Wij werken hoofdzakelijk vanuit de presentiebenadering.
Letterlijk betekent het woord presentie: aanwezigheid. Present zijn: er zijn.
De kernbegrippen van de presentatie benadering zijn (Baart, 2004):

  • Er zijn voor de ander
  • Aandacht- en betekenisvolle relatie
  • Waardigheid van de ander staat voorop
  • Erkenning van de ander, ook in zijn anders zijn
  • Wederkerigheid en afstemming op de leefwereld van de ander

Wat goed is voor de één, is niet per definitie ook goed voor de ander.
Aansluiten bij de persoon, de gewoonten, verlangens, manieren van doen, en daar de zorg op afstemmen.

De presentiebenadering draait om liefdevolle aandacht voor wat mensen eigenlijk vragen, voor wat echt belangrijk is voor hen.
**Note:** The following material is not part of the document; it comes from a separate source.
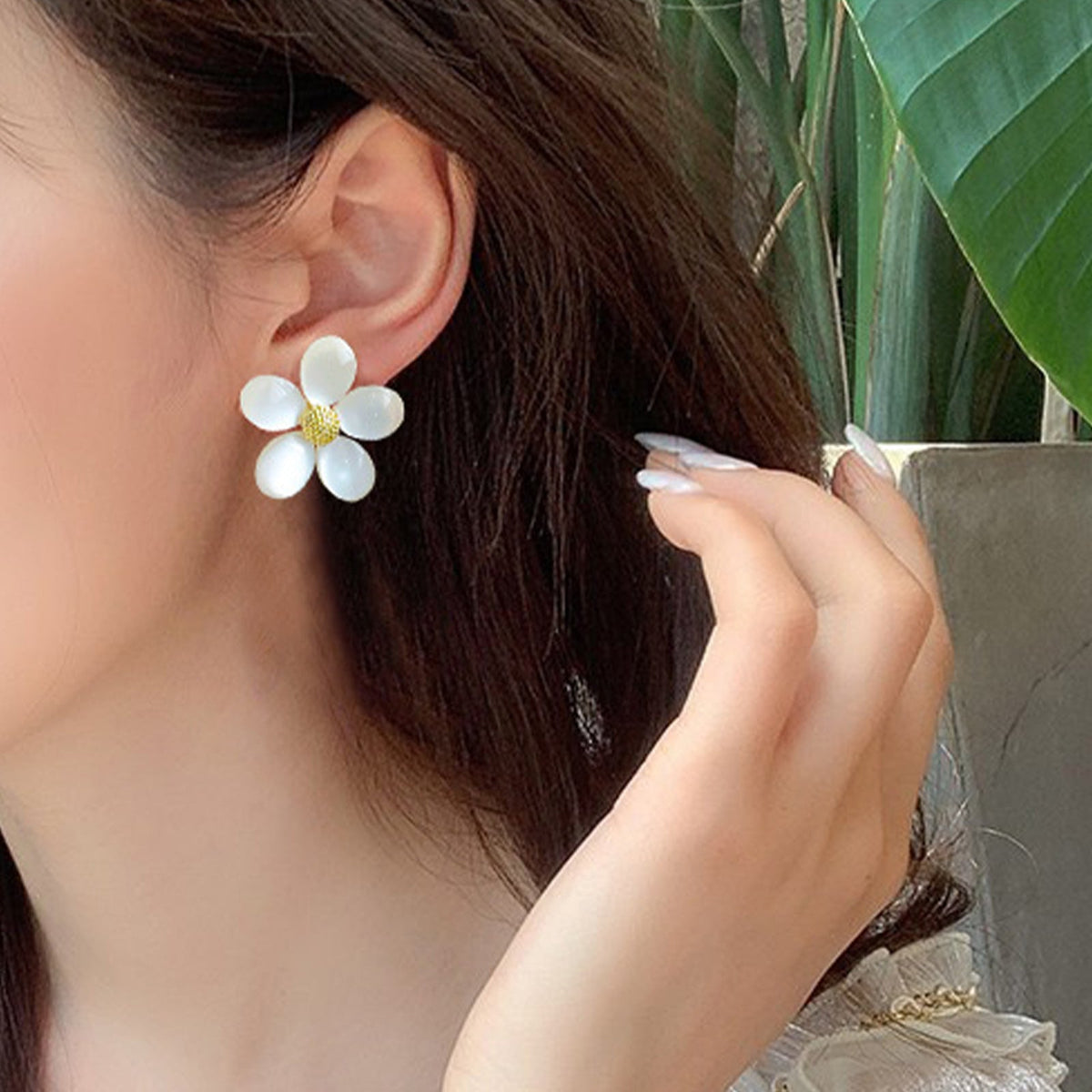 White Jelly Petals Super Fairy Sweet Stud Earrings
Het gaat om erkenning van hun waardigheid als mens; om een menslievende bejegening die onvoorwaardelijk is (Stichting Presentie, z.d.).

De presentiebenadering is relatiegericht en niet op voorhand gericht op verandering. Door de relatie aan te gaan, ontstaat er vanzelf ruimte voor verandering of ontwikkeling (Netwerk DAK, 2011).

De acht kenmerken van de presentiebenadering:
1. Vrij zijn voor Je bent beschikbaar. Je richt je op het leven van de betrokkene. De ander bepaalt wat er aan de orde komt.
2. Openstaan voor Je bent ontvankelijk; je wendt je naar de ander. De ander is de richting van je kijken. Je probeert je vooroordelen aan de kant te zetten.
3. Een aandachtige betrekking aangaan Je gaat een relatie aan via gesprekken over het leven van alledag. Dit biedt de mogelijkheid om de leefwereld van de ander te leren kennen. Je bent ontvankelijk voor alle signalen die de ander uitzendt. Zo kun je ook ervaren wat de ander jou kan leren: er is wederkerigheid.
4. Aansluiten bij het bestaande Je voegt je in de leefwereld van de ander. Het verhaal is zoals de ander dat beleeft; het wordt niet kleiner gemaakt of onteigend.
5. Perspectiefwisseling Vanuit het perspectief van de ander leer je de wereld waar te nemen. Door goed te luisteren probeer je te begrijpen welke betekenis de werkelijkheid voor iemand heeft.
6. Zich aanbieden Je geeft zin door het aanbieden van je eigen mogelijkheden aan de ander. Bijvoorbeeld: taalvaardigheid, assertiviteit, kennis in de wereld van welzijn en zorg, etc. Maar ook: geduld om te luisteren en ‘er zijn’.
7. Geduld en tijd Je laat je beheersen door de ander. Je werkt niet volgens een vooraf vastgesteld plan, maar sluit ongehaast aan bij wat de ander nodig heeft.
8. De trouwe toeleg Je bent betrouwbaar en trouw. De aandacht hoeft niet verdiend te worden en kan ook niet gemakkelijk verspeeld worden. Trouwe betrokkenheid is ook (en juist) van waarde als dingen niet te verhelpen zijn, zoals gemis, ziekte en het ondergaan van leed (Netwerk DAK, 2011).